The plot now is hosted in Plotly’s cloud with a distinct URL for sharing, and can be further modified using Plotly’s web graphical user interface.

Figure 4: Choropleth map of Africa as it appears in a user’s Plotly web account.

Interactive web applications in R with Shiny

The idbr and plotly R packages allow R users to generate interactive plots of international demographic indicators with a minimal amount of R code, making them suitable for both practitioners and educators who might wish to present information concerning international demographic trends and issues. However, as they still require programming in R, non-coders are limited in their ability to interact with the package. The shiny package, developed by RStudio (Chang et al. 2015), fills this gap. With Shiny, R users can developed web-based graphical user interfaces around their R analyses and visualizations, then publish the interfaces to allow others to interact with and visualize the data themselves. In turn, Shiny is a useful tool for demographic practitioners who wish to share their analyses with a broader audience.

Shiny applications consist of two principal components: a server, which dictates the ways in which the data will be processed, analyzed, and visualized, and a user interface, which concerns the overall look of the Shiny application. By convention, Shiny applications include server code in an R script server.R, and user interface code in a separate script ui.R; the two can be combined in one app.R script as well. The example below will cover a basic use case of Shiny alongside idbr and Plotly.
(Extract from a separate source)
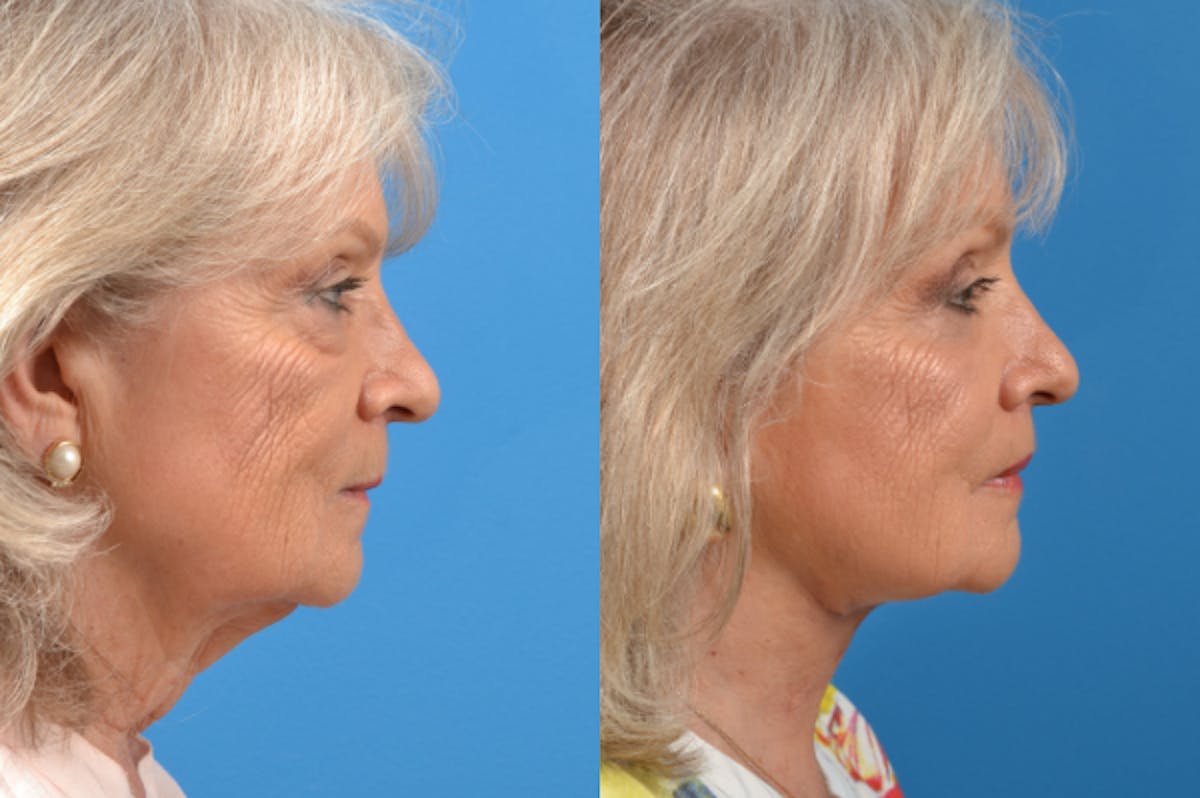 Profile Neck Lift Before & After Gallery - Patient 122406566 - Image 4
The code below produces a Shiny application that generates a time series line chart, much like the example in Figure 1. The main difference here is that a Shiny application can allow the user to interactively modify the properties of the chart rather than having to specify it in code. In this basic example, the Shiny application includes a drop-down menu from which the application user can select countries to add to the line chart, as well as a range slider to specify the years that the chart will cover.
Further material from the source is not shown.